Neste sentido “as palavras do velho são, de facto, um chamamento para repensar o papel e o lugar da tradição na construção das nações africanas pós-coloniais.” (Krakowska, 2013, pg. 5). Aqui vemos que a confusão que aflige Kindzu e toda a terra, é na verdade um sofrimento de quem esta prestes a “definir as suas origens, os seus laços de pertença, a sua história.” (Krakowska, 2013, pg. 5). Segundo Krakowska, o período de pós-independência foi marcado por esse drama de consciência, o programa nacionalista feito pela FRELIMO, influencia a forma como a tradição é vista em Moçambique. Se por um lado as elites buscavam no passado referências para uma identificação nacional, por outro havia o temor dos vários povos que formam Moçambique se identifiquem apenas com as suas próprias comunidades, o que causaria conflitos. O programa politico da FRELIMO claramente influenciado pelo programa da URSS transforma o poder tradicional em um alvo a ser combatido, alegando que este seria parte do aparelho do poder colonial, visto que, tal poder se utilizou também da tradição para fazer uma ligação com as comunidades rurais.

Para Krakowska, a personagem Kindzu “representa simbolicamente o percurso pelos modelos de modernidade que surgem em Moçambique após a independência.” (2013, pg. 7). Ao sair de sua vila, local ligado a tradição em choque com as mudanças contemporâneas, chega a Matimati, uma vila administrada por Estevão Jonas, quem segundo Krakowska seria comunista, a autora afirma isto baseada em palavras ditas pela personagem “o inimigo do povo”, “o comício público” ou “massas populares” (Couto, 2007, pg. 56-57), de fato são termos que costumam fazer parte do vocabulário de adeptos do comunismo, no entanto afirmar que Estevão Jonas seria comunista baseando-se apenas nestas palavras, ignorando as suas atitudes pode mostrar-se um equivoco cometido pela autora, percebemos isto no momento em que Estevão (atual repressor) alia-se ao falecido Romão Pinto um português e antigo colono afim de conquistar uma grande chance para enriquecer. Percebemos nessa aliança, uma denuncia feita por Mia Couto, dentre as táticas governamentais da FRELIMO estavam à proibição e o desencorajamento de qualquer manifestação de identidade dos grupos étnicos, e adoção do português como língua oficial. Desse modo Couto mostra que as práticas adotadas pelo regime colonial e as táticas da FRELIMO são as mesmas, se não muito próximas, logo, não houve assim um rompimento com o estado colonial, mas de certa forma uma continuação.

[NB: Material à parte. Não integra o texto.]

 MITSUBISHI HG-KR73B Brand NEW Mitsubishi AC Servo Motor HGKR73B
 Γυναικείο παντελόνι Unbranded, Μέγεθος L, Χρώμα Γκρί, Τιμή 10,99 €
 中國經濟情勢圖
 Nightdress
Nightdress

Não podemos ignorar também, que:

“certa mentalidade africana de caráter fetichista, mágico e místico, além e em razão disso, irracional, constitui a causa de bloqueios no curso da elaboração de uma ação e de um pensamento construtivos, com vistas ao verdadeiro progresso da sociedade africana.” (Tshibangu, 2010, pg. 628)

Tendo dessa forma o poder tradicional, realmente feito parte do aparelho de estado, sendo assim a figura de Estevão Jonas e o conselho de anciães da vila de Kindzu seriam parte do mesmo aparelho que derivam do modelo de governo colonial. “Terra Sonâmbula desafia o erróneo binarismo entre tradição e modernidade” (Krakowska, 2013, pg. 9), desconstrói dessa forma tanto a visão tradicionalista que exclui qualquer possibilidade de mudança, bem como o projeto nacionalista com ideologias que não respeitam as heranças culturais e identitárias dos vários grupos étnicos de Moçambique. Mia Couto chama os moçambicanos a repensar sua ideia de nação, a necessidade de abertura e aprendizagem.

Referências

COUTO, Mia. “Terra Sonâmbula”. Companhia das Letras 1ª edição, 2007, 206 páginas.

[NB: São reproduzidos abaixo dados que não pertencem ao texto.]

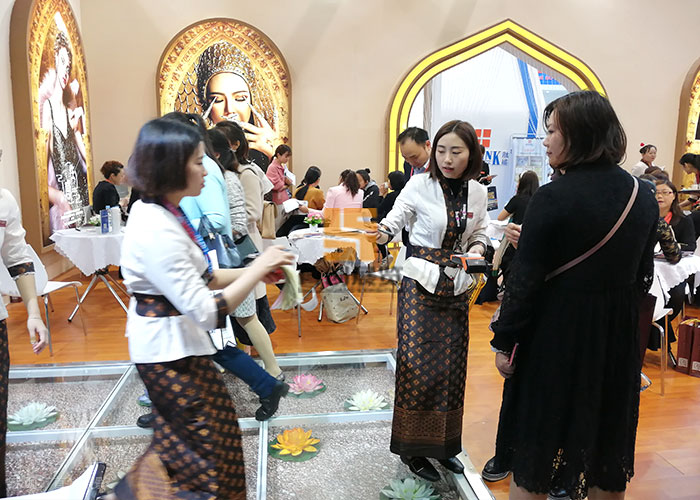 韻美 展覽展示設計方案(圖3)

KRAKOWSKA, Kamila. “Entre o passado tradicional e o futuro socialista: as modernidades moçambicanas em Terra Sonâmbula, de Mia Couto”, Configurações [Online], 12 | 2013, posto online no dia 18 Novembro 2014, consultado o 22 Novembro 2014. URL : http://configuracoes.revues.org/2099

OPOKU, Kofi Asare. “A religião na África durante a época colonial”. In: BOAHEN, A, Adu (ed.). História Geral da África – A Áfria sob dominação colonial, 1880-1935. 2.ed. ver. Brasília: UNESCO, 2010, vol. VII, cap. 20. p. 591-624.

TSHIBANGU, Tshishiku. “Religião e evolução social”. MAZRUI, Ali A. e WONDJI, Christophe (Ed.) História Geral da África: África desde 1935. Brasília: UNESCO, 2010, vol VIII, cap. 17, p. 605-629.